The team was banned by FIFA from the next World Cup, but were still allowed to compete at the Olympics, where they'll take on Colombia in their opening Group G game on Wednesday.

Until then, don't expect to see the players walking around the streets of Glasgow. While United States players have been sightseeing and shopping in Scotland's largest city, their North Korean counterparts have been holed up at their hotel, passing the time playing table tennis and other games.

Coach Sin Ui Gun told reporters his players don't have much free time and need their rest.

"We have training sessions in morning times and the afternoon, and at other times they have sleep, they have to refresh," the coach said. "There is a hall with some games machines and table tennis. They love to spend the time inside because in Glasgow, as you know, it rains quite heavily on us."

Only the coach and team manager Choe Nam Hyok showed up at Monday's news conference, with the latter serving as interpreter. One player was supposed to be available, but never appeared.

North Korea, one of the world's most closed-off countries, likes to keep out of the limelight.
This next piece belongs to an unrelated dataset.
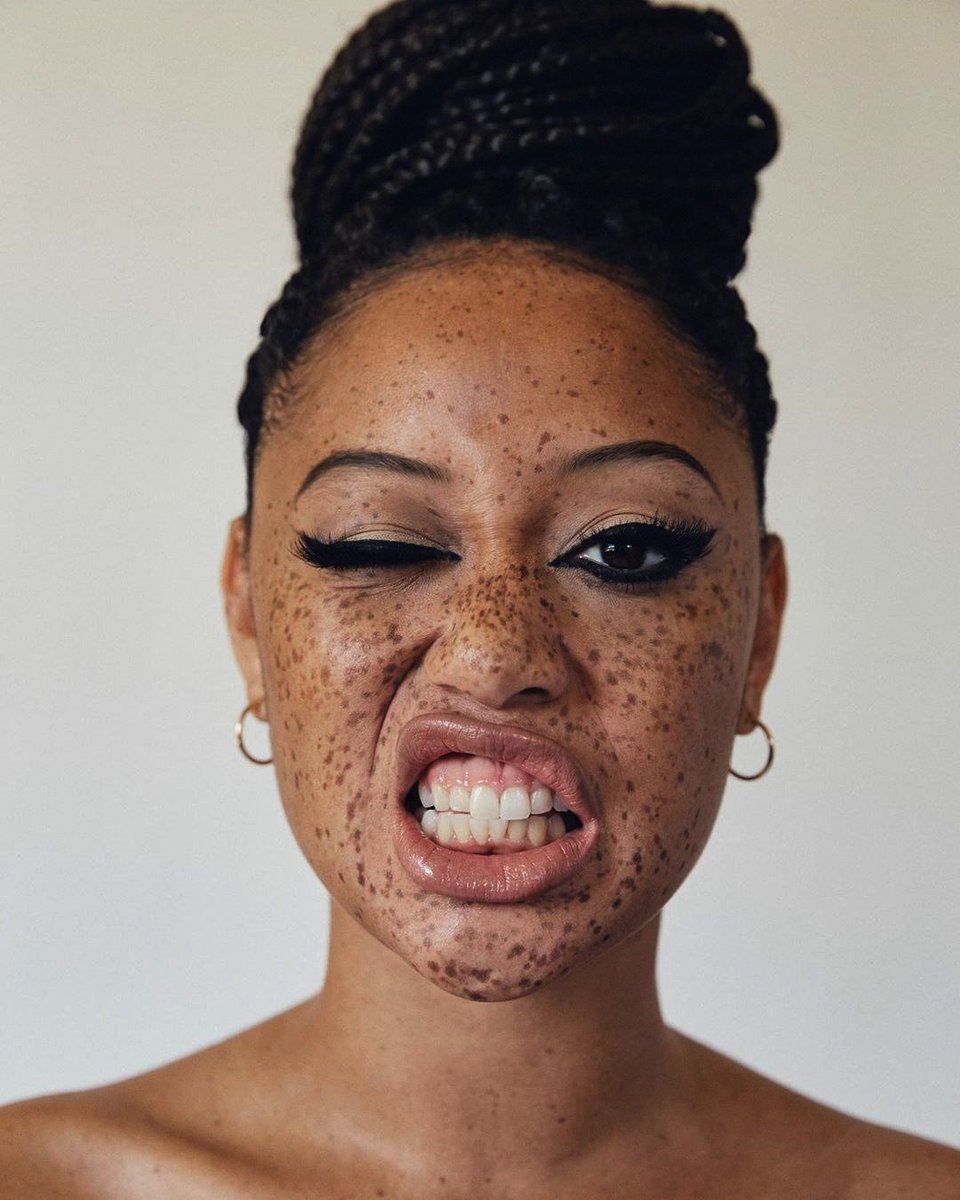 afrodyssee's tweet photo. SALEM
Salem Mitchell by Samuel Paul @salemmitchell #salemmitchell #samuelpaul #portrait #fleckles #africanbraid #america #geneva #afrodyssee https://t.co/VVta2dVAf3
But the women's team found itself very much in the spotlight last year when it became embroiled in the most serious doping case at a major FIFA tournament in 17 years.

The World Cup doping scandal still infuriates Australia, which lost out to North Korea in Olympic qualifying. Australia women's coach Tom Sermanni said North Korea shouldn't even be at the London Games.

"We were very disappointed, amazed in fact, that the World Anti-Doping Agency and the IOC (International Olympic Committee), who apparently take a very, very strong stance on the use of drugs, decided to take absolutely no action whatsoever," Sermanni said earlier this month.

Both organizations "allowed North Korea firstly to enter the Olympic qualifications and then allowed them to, once they qualified, to actually participate in the Olympic Games," Sermanni said. "To say we were disappointed, and I still am disappointed, is probably an understatement."

FIFA explained, however, that a country serving a ban "shall serve whenever possible the sanction in the competition in which the infringement occurred."

Choe, the team manager, said he wasn't with the squad at the World Cup and that it wasn't up to him to say whether North Korea deserved its spot in the London Games.

"That conversation runs between FIFA and IOC and some of the executive members, I think," Choe said. "We didn't give any comments about our participation in the Olympics officially from our football association, so I think there's no comment from us."

The last major doping scandal at a major FIFA tournament was at the men's 1994 World Cup in the United States, when Diego Maradona was kicked out after testing positive for stimulants. He was banned for 15 months.

Four of the North Korean women received bans of 18 months and the fifth will serve out 14 months, meaning none are eligible to play in the Olympic tournament. In addition to being excluded from the 2015 World Cup, North Korea's football federation was fined $400,000 and team doctor Nam Jong Ae was banned for six years.

North Korea wants to put all that behind when it opens its Olympic campaign against Colombia at Hampden Park on Wednesday.

Colombia was involved in its own doping scandal at the 2011 World Cup. Backup goalkeeper Yineth Varon failed an out-of-competition doping control and was banned for two years. The Colombian Football Federation has said that Varon had hormonal treatment that led to the failed drug test.
  North Korea, which won the 2008 Asian Football Confederation women's tournament, has been known for its defensive tactics. But the team has now turned to a more attacking 4-3-3

Sin said the players will be doing their utmost to impress the country's new leader, Kim Jong Un.

"It is our honor, greatest honor to him as our new leader, as for the feeling of our whole nation, and also as a Korean people, as a member of the Korean nation, everybody hopes to get a very big success in every work as well as in the Olympics, too," Sin said.

"It is our very biggest hope to win the game as much as possible and to be the champion to meet his hope and to bring very big pleasure to our people and also to our leader."